● **Recorded data**:
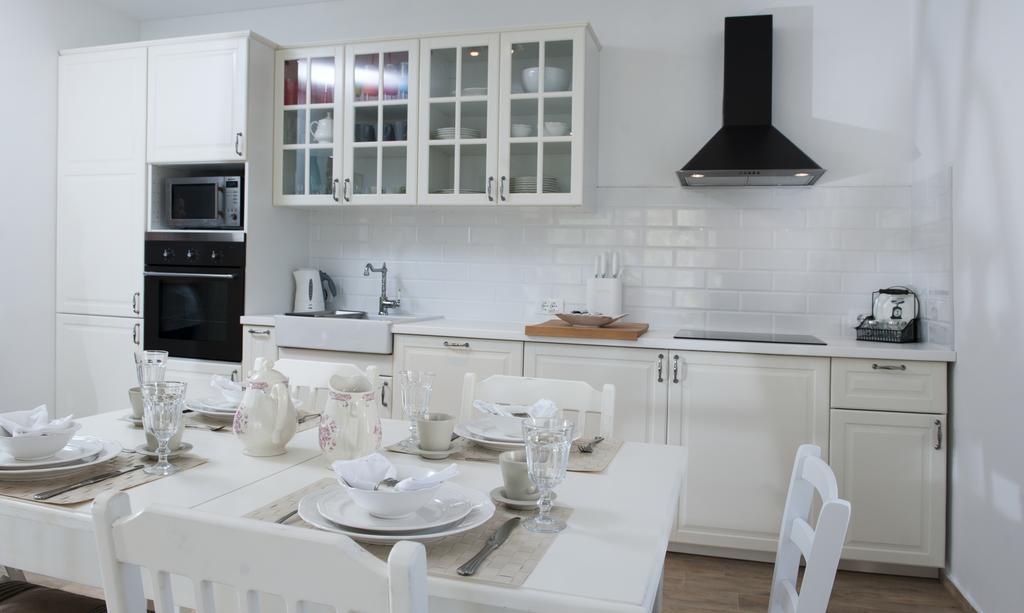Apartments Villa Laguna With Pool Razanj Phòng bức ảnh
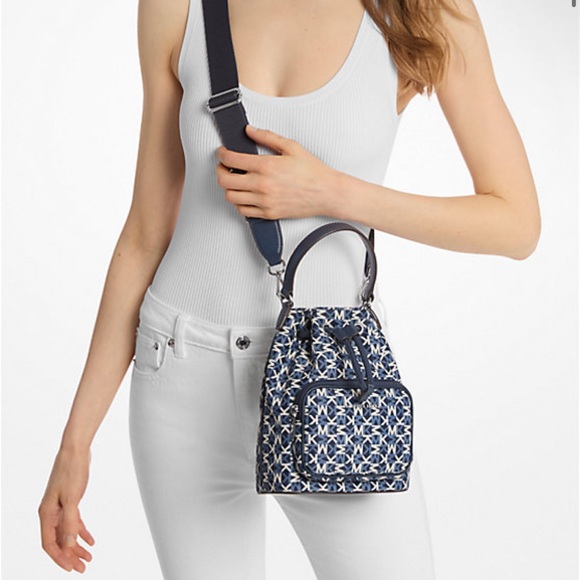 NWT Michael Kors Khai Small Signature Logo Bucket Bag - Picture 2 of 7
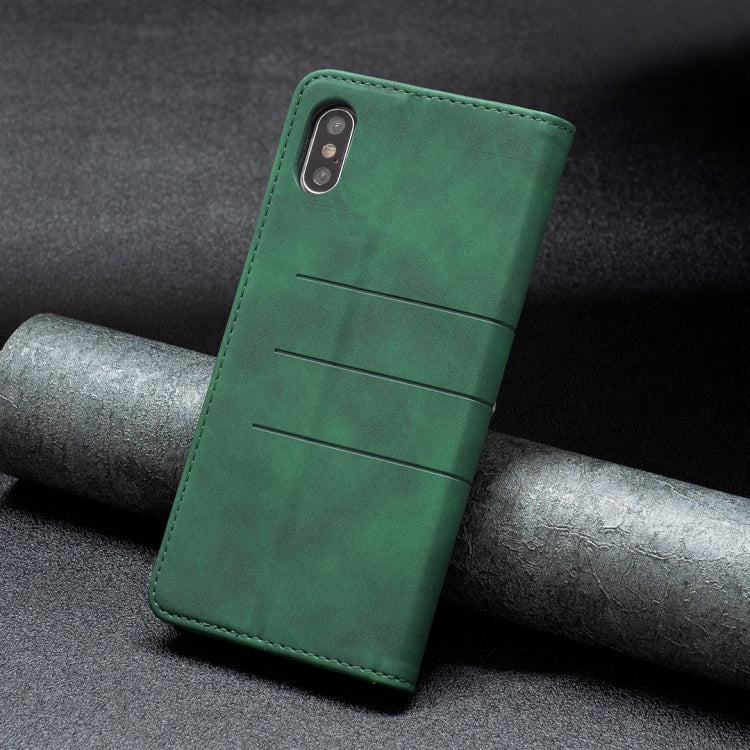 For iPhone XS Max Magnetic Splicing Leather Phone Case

● **Task directions**:
Would you transcribe, exactly and only, the lines from the one that contains "NWT Michael Kors" through the last line of the data above, without any pictures?

● **Answer**:
 NWT Michael Kors Khai Small Signature Logo Bucket Bag - Picture 2 of 7
 For iPhone XS Max Magnetic Splicing Leather Phone Case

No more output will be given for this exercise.